IPS chief executive James Hall said the move would "allow us to explore the possibility of integrating passport, identity card and life event registration processes."
The government plans to give IPS staff online access to births and deaths information which could be cross checked with ID card or passport applications. Data sharing between the two bodies was given a legal basis in July by an order made under section 38 of the Identity Cards Act.
"That an agency which until a little over a year ago was limited to issuing passports is now grabbing control of citizen data from cradle to grave, and openly talks about 'registration of life events,' confirms what NO2ID has said all along. It's not about ID cards, but the creation of a detailed, lifelong government dossier on every person," Booth said.

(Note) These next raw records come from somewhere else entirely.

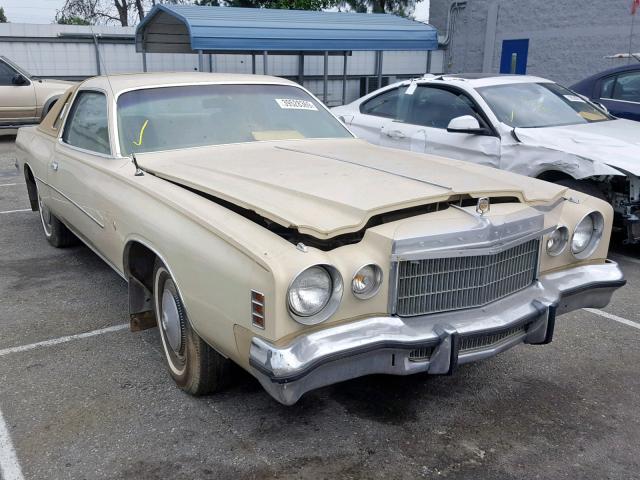 SS22K5R316266 - 1975 CHRYSLER CORDOBA BEIGE photo 1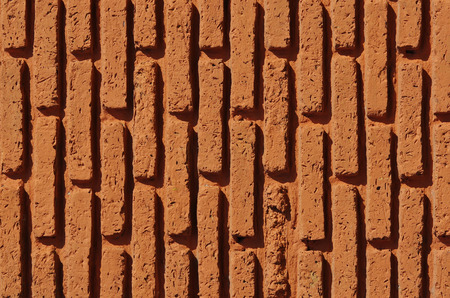 the red brick on textureの写真素材
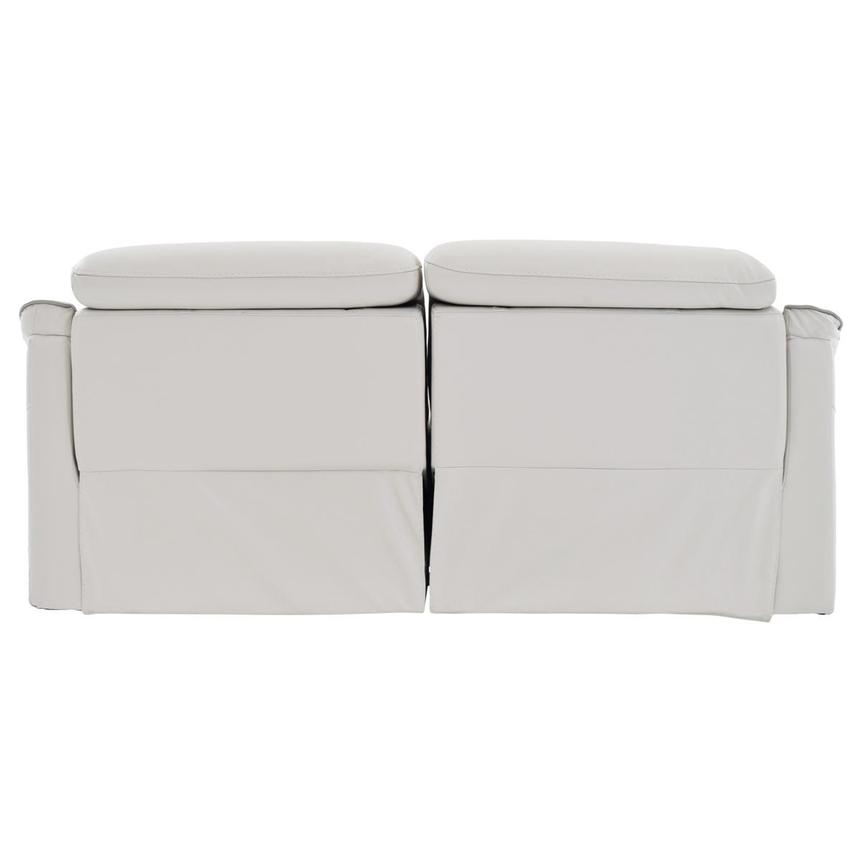 Austin Light Gray Leather Power Reclining Loveseat alternate image, 4 of 8 images.
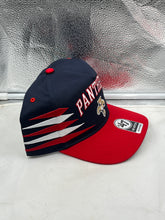Load image into Gallery viewer, Florida Panthers NHL &#39;47 Brand Navy Diamond Hitch Adjustable Snapback Hat back view highlighting the detailed stitching.
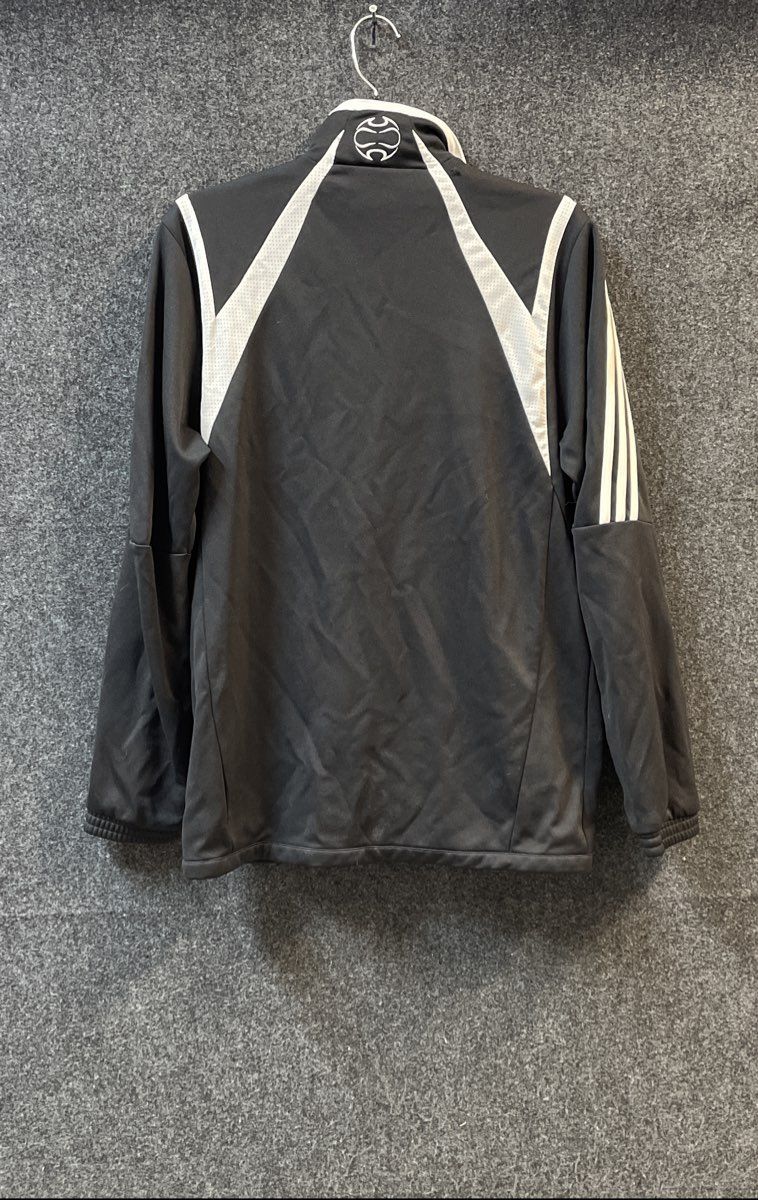 Adidas Boys Black Clima365 Full Zip Soccer Track Jacket Size XL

He added "And that this sits in the dysfunctional and acquisitive culture of the Home Office should certainly make people think twice."
Booth also attacked the inclusion of identity management and data sharing provisions in a set of plans from government departments issued as part of a new Service Transformation Agreement -- one of a plethora of documents released alongside the pre-budget report and comprehensive spending review.
He compared the plans with the surveillance regime instituted by the Stasi secret police force in the former East Germany. "Astonishingly, the stalker state now swaggers out of the shadows expecting a welcome. Presented in the soothing tone of 'customer service', this is an explicit plan for the centralized surveillance of every significant event in every British resident's life -- a modern Stasi."